Seldom does a day go by without a news item telling us how AI will change our lives. The list of how artificial intelligence (AI) and machine learning (ML) impacts the human race is constantly growing. From self-driving cars to healthcare management approaches where ML algorithms help pathologists analyze tissue samples, to generative AI which can create text, imagery, and audio to meet the exact needs of the client. Just the very act of asking Siri or Alexa a question shows how AI has permeated so many aspects of our daily life. While there are debates about the pros and cons of this technology, one area that will prove to be a great help to humankind is the use of AI/ML in detecting food fraud and improving food safety.

AI is the ability of a computer to perform statistical analysis on large sets of data and use that information to analyze and learn. Algorithms are developed from this learning and can be applied to specific needs. This learning is an automated process and allows for continuous learning to occur to constantly improve these algorithms.

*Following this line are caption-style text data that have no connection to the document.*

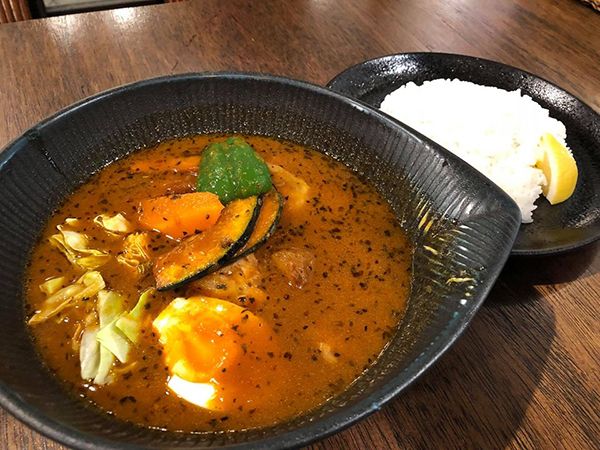 Sour Curry Lavi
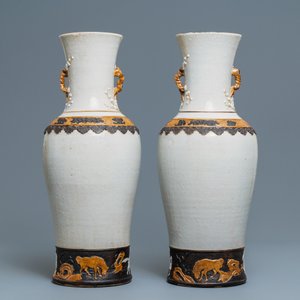 Une paire de vases en porcelaine de Chine dite 'de Nankin' figurant Li Tieguai, 19ème — photo 3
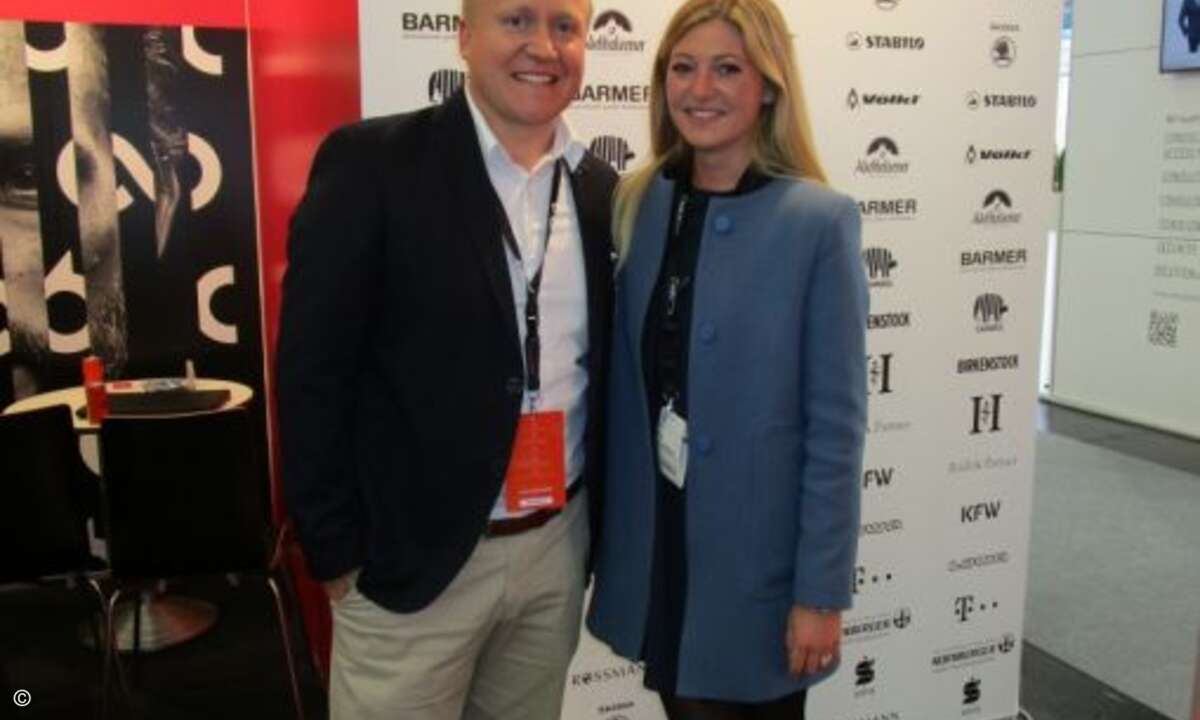 Thomas Haberl von Dracoon mit Gina Gießmann von CRN (Foto: CRN)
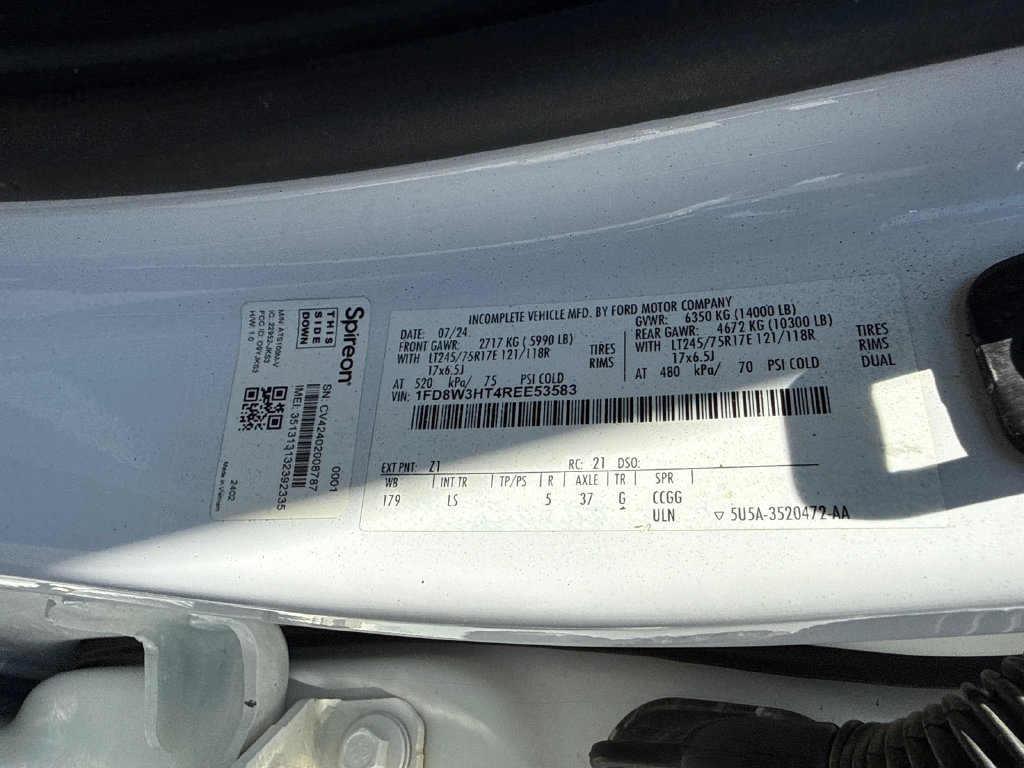Used 2024 Ford F350 XL AWD/4WD image 22
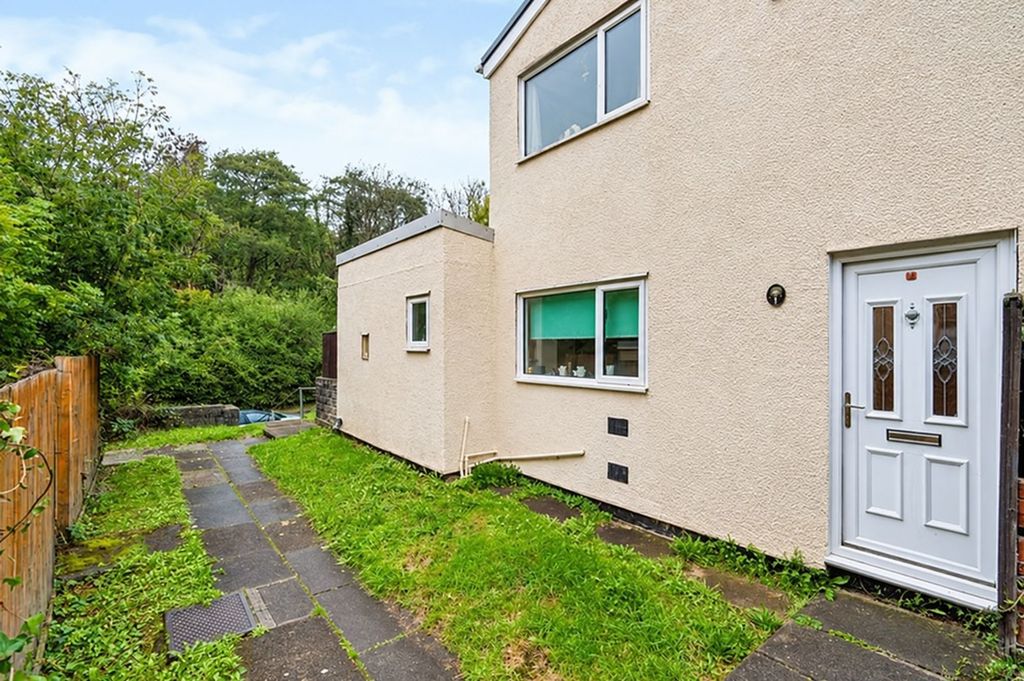 Property photo 1 of 27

ML is a particular type of AI where machines learn how to better respond based on structured big data sets and ongoing feedback from humans and algorithms.

AI/ML is actively being applied to one of the major issues affecting the world today: food fraud. Food fraud is the deliberate attempt by a food supplier to deceive the consumer about the quality, origin, or composition of a food item. According to the US Food and Drug Administration, it is estimated that the cost of food fraud to the food industry is around $10-15 billion per year with some estimates going as high as $40 billion per year.1 In addition to the monetary impact, consumer safety and confidence are at risk. Food fraud stretches across many different parts of the food industry—just about every food group (beverages, vegetable oils, seafood, meat/poultry, etc.) have examples where fraud occurs on a regular basis.

While fear about AI has been growing recently, it is important to note the ways in which it can benefit our lives.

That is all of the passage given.